As record rainfall hit Missouri on Tuesday, widespread flash flood warnings were issued for St Louis and other parts of the state. According to NPR, Missouri hasn't seen this much rain for approximately 100 years. It was reported that flooding began five hours into the rain- around 10-12 inches of rain poured as several roads, and four major highways were closed due to the heavy rain, including transportation such as trains as well. Up to a foot of rain soaked the streets. Many fled their homes, becoming stranded in their cars on their neighbourhood streets. A rainfall so powerful it reportedly left many homes caved in roofs, as reported by the NYTimes.
The life-threatening deluge swarmed roadways, houses, and railway stations in what's known as the '100-year flood plain'. Three major floods have occurred in St. Louis since 2015, at least two of which were about 1-in-100-year events.
Since Tuesday, there has only been one reported death from the flood. In a news conference, the chief of the St Louis fire department stated that the victim was pulled out of their vehicle. The area where he had been found was submerged under about 8.5 inches of water. Firefighters had saved about 70 residents in total. The chief also reported a total of about 14-15 houses that suffered significant flooding.
In the conference, he stated, “We’ve had a tremendous amount of cars that have been door-deep and also roof-deep in some of these low-lying areas.” The governor of Missouri has issued a state of emergency, working with local officials to handle the matter. People were advised not to travel and to try to stay where they were.
This flood-inducing rainfall is interesting considering that just days before the environmental catastrophe, the river providing water for St Louis was considered “bone-dry,” and there was a fear of drought. This is just one of many environmental collapses that have happened in recent weeks.

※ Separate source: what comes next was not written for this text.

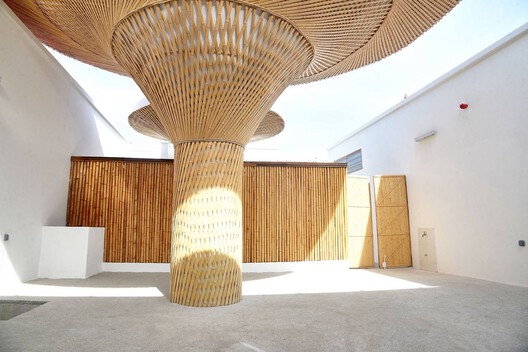 Mami Dan Temple of Toligbé Cultural Center / Maison Bignon Sossou - Interior Photography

This summer has seen extreme weather events across the US, with some regions suffering floods and others experiencing heatwaves, as well as reports of wildfires happening all throughout California and wine country. As a result of the climate crisis, these events are becoming more frequent and more severe. It is predicted that there may very well be more flooding on the way. And more flooding could also mean significantly more problems in our environment.